> WHAT IS REQUIRED
Go through the entries below from the first line and transcribe each one exactly, ending with the line that contains "10210 SW 170th".

╭─ DATA UNDER STUDY

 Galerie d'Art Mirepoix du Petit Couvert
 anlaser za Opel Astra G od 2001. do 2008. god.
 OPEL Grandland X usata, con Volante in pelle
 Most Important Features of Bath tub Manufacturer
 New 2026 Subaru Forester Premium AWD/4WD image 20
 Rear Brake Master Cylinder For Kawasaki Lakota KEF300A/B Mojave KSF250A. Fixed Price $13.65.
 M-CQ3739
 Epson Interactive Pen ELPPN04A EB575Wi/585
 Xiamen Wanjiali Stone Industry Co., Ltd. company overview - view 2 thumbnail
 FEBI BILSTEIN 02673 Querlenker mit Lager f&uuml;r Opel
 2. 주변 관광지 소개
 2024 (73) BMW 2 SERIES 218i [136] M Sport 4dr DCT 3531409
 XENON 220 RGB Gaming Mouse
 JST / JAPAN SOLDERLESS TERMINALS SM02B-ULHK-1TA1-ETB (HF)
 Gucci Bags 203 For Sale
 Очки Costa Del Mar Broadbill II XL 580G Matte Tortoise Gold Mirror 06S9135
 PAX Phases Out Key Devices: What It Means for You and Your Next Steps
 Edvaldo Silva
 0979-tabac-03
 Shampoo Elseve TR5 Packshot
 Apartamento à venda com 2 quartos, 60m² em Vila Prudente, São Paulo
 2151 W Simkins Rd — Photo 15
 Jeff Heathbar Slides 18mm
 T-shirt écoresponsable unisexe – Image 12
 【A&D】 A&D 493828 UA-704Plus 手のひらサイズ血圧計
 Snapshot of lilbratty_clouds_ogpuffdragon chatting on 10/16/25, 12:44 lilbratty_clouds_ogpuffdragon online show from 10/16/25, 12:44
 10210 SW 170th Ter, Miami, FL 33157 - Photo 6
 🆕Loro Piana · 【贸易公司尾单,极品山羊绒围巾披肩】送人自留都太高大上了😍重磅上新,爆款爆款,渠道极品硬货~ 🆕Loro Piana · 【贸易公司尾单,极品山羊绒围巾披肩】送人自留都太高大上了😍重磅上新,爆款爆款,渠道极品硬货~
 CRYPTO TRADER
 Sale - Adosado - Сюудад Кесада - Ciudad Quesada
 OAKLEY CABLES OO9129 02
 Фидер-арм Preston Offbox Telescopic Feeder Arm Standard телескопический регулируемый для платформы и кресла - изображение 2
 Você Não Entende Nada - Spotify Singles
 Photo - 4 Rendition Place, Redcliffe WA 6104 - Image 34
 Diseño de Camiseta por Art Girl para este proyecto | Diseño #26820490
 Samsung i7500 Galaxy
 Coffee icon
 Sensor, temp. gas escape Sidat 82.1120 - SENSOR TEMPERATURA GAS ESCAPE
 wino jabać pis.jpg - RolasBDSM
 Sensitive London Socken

╰─

> TASK RESULT
 Galerie d'Art Mirepoix du Petit Couvert
 anlaser za Opel Astra G od 2001. do 2008. god.
 OPEL Grandland X usata, con Volante in pelle
 Most Important Features of Bath tub Manufacturer
 New 2026 Subaru Forester Premium AWD/4WD image 20
 Rear Brake Master Cylinder For Kawasaki Lakota KEF300A/B Mojave KSF250A. Fixed Price $13.65.
 M-CQ3739
 Epson Interactive Pen ELPPN04A EB575Wi/585
 Xiamen Wanjiali Stone Industry Co., Ltd. company overview - view 2 thumbnail
 FEBI BILSTEIN 02673 Querlenker mit Lager f&uuml;r Opel
 2. 주변 관광지 소개
 2024 (73) BMW 2 SERIES 218i [136] M Sport 4dr DCT 3531409
 XENON 220 RGB Gaming Mouse
 JST / JAPAN SOLDERLESS TERMINALS SM02B-ULHK-1TA1-ETB (HF)
 Gucci Bags 203 For Sale
 Очки Costa Del Mar Broadbill II XL 580G Matte Tortoise Gold Mirror 06S9135
 PAX Phases Out Key Devices: What It Means for You and Your Next Steps
 Edvaldo Silva
 0979-tabac-03
 Shampoo Elseve TR5 Packshot
 Apartamento à venda com 2 quartos, 60m² em Vila Prudente, São Paulo
 2151 W Simkins Rd — Photo 15
 Jeff Heathbar Slides 18mm
 T-shirt écoresponsable unisexe – Image 12
 【A&D】 A&D 493828 UA-704Plus 手のひらサイズ血圧計
 Snapshot of lilbratty_clouds_ogpuffdragon chatting on 10/16/25, 12:44 lilbratty_clouds_ogpuffdragon online show from 10/16/25, 12:44
 10210 SW 170th Ter, Miami, FL 33157 - Photo 6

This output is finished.